PR71676 is for AVR target that generates wrong code when switch case 
index is

more than 16 bits.

Switch case index of larger than SImode are checked for out of range 
before

'casesi' expand. RTL expand of casesi gets index as SImode, but index is
compared in HImode and ignores upper 16bits.

Attached patch changes the expansion for casesi to make the index 
comparison

in SImode and code generation accordingly.

PR71678 is ICE because below pattern in 'casesi' is not recognized.
(set (reg:HI 47)
 (minus:HI (subreg:HI (subreg:SI (reg:DI 44) 0) 0)
   (reg:HI 45)))

Fix of PR71676 avoids the above pattern as it changes the comparison
to SImode.


But this means that all comparisons are now performed in SImode which 
is a great performance loss for most programs which will switch on 
16-bit values.


IMO we need a less intrusive (w.r.t. performance) approach.


Yes.

I tried to split 'casesi' into several based on case values so that 
compare is done
in less expensive modes (i.e. QI or HI). In few cases it is not possible 
without

SImode subtract/ compare.

Pattern casesi will have index in SI mode. So, out of range checks will 
be expensive

as most common uses (in AVR) of case values will be in QI/HI mode.

e.g.
  if case values in QI range
if upper three bytes index is set
  goto out_of_range

offset = index - lower_bound (QImode)
if offset > case_range   (QImode)
  goto out_of_range
goto jump_table + offset

  else if case values in HI range
if index[2,3] is set
  goto out_of_range

offset = index - lower_bound (HImode)
if offset > case_range   (HImode)
  goto out_of_range
goto jump_table + offset

This modification will not work for the negative index values. Because 
code to check

upper bytes of index will be expensive than the SImode subtract/ compare.
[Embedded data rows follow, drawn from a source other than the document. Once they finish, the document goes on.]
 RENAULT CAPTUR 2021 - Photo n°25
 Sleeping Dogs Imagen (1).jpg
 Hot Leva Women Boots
So, I'm trying to update fix to have SImode subtract/ compare if the 
case values include
negative integers. For, others will try to optimize as mentioned above. 
Is that approach OK?


Alternatively we can have flags to generate shorter code for 'casesi' 
using HImode

subtract/ compare. But correctness is not guaranteed (PR71676).

Regards,
Pitchumani



Re: [patch, avr, pr71676 and pr71678] Issues with casesi expand

2016-09-26 Thread Georg-Johann Lay

On 26.09.2016 15:19, Pitchumani Sivanupandi wrote:

Attached patch for PR71676 and PR71678.

PR71676 is for AVR target that generates wrong code when switch case index is
more than 16 bits.

Switch case index of larger than SImode are checked for out of range before
'casesi' expand. RTL expand of casesi gets index as SImode, but index is
compared in HImode and ignores upper 16bits.
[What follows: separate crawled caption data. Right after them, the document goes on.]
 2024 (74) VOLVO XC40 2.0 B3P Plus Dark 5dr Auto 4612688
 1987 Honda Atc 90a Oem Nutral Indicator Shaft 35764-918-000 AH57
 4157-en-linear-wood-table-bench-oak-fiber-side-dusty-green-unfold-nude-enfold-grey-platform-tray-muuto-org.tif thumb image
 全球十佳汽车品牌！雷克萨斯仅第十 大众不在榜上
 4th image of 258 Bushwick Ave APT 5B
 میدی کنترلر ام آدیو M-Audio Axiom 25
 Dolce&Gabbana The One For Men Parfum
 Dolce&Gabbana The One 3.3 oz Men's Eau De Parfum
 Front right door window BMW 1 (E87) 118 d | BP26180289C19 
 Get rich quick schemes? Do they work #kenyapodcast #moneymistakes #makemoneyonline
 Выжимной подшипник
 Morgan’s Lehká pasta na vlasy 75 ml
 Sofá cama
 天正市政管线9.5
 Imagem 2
Attached patch changes the expansion for casesi to make the index comparison
in SImode and code generation accordingly.

PR71678 is ICE because below pattern in 'casesi' is not recognized.
(set (reg:HI 47)
 (minus:HI (subreg:HI (subreg:SI (reg:DI 44) 0) 0)
   (reg:HI 45)))

Fix of PR71676 avoids the above pattern as it changes the comparison
to SImode.


But this means that all comparisons are now performed in SImode which is a 
great performance loss for most programs which will switch on 16-bit values.


IMO we need a less intrusive (w.r.t. performance) approach.

Johann



Regtested using avrtest. No regression found.

If OK, could someone commit please?

Is this OK for gcc-5-branch?

Regards,
Pitchumani

gcc/ChangeLog

2016-09-26  Pitchumani Sivanupandi  

PR target/71676
PR target/71678
* config/avr/avr.md (casesi): Change index compare to SI mode.

gcc/testsuite/ChangeLog

2016-09-26  Pitchumani Sivanupandi  

PR target/71676
PR target/71678
* gcc.target/avr/pr71676-1.c: New test.
* gcc.target/avr/pr71676.c: New test.
* gcc.target/avr/pr71678.c: New test.